◆ **TASK TO CARRY OUT**
For the entries below, copy exactly the line that contains "Starožitný obraz... - 14" through the line that contains "Livex Avondale Mini Pendant 41293-04", both ends included, and exclude all pictures.

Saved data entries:

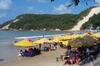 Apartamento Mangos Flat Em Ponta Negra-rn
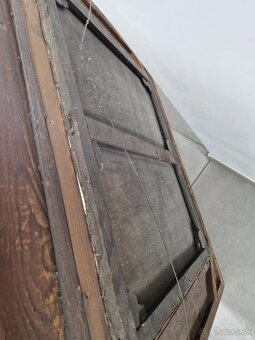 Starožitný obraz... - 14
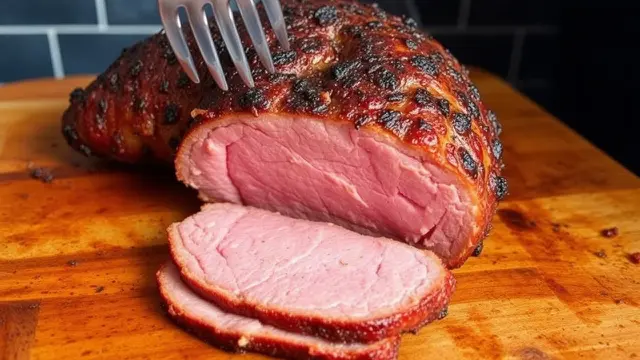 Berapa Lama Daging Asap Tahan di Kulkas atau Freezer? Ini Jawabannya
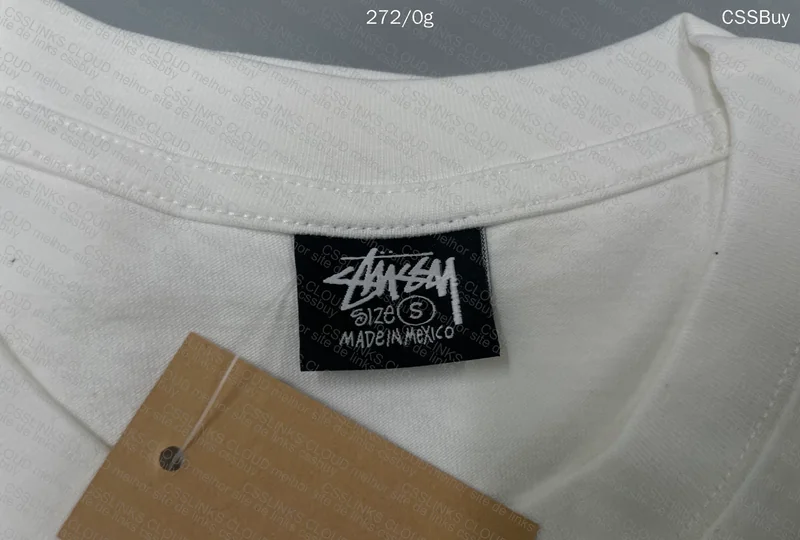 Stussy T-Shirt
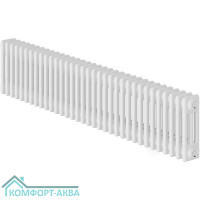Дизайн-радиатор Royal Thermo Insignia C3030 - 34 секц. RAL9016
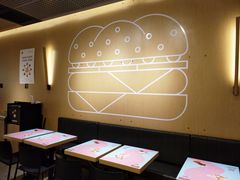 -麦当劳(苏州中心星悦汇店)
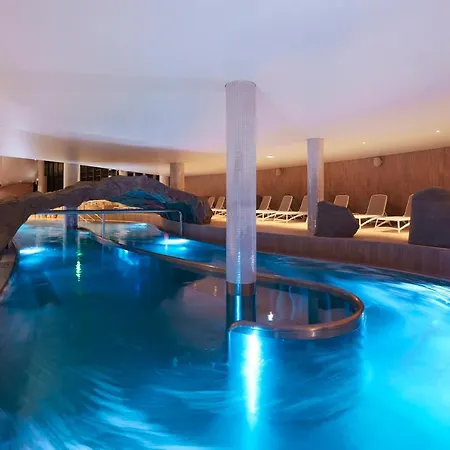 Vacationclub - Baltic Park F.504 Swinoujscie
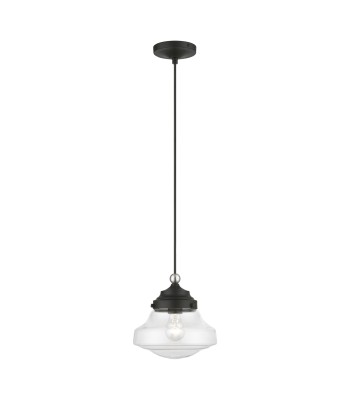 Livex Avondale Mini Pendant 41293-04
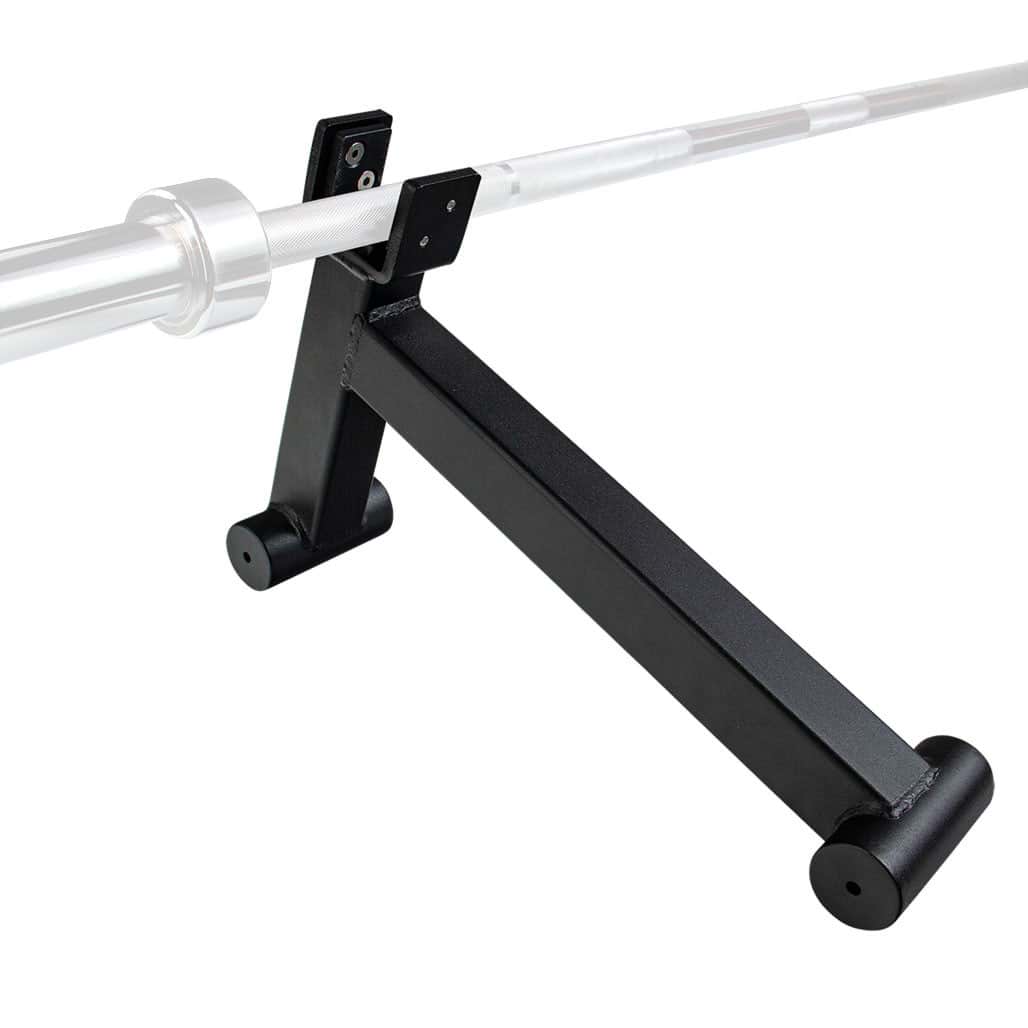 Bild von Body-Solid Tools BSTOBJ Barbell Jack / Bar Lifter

◆ **RESULT OF THIS TASK**
 Starožitný obraz... - 14
 Berapa Lama Daging Asap Tahan di Kulkas atau Freezer? Ini Jawabannya
 Stussy T-Shirt
Дизайн-радиатор Royal Thermo Insignia C3030 - 34 секц. RAL9016
 -麦当劳(苏州中心星悦汇店)
 Vacationclub - Baltic Park F.504 Swinoujscie
 Livex Avondale Mini Pendant 41293-04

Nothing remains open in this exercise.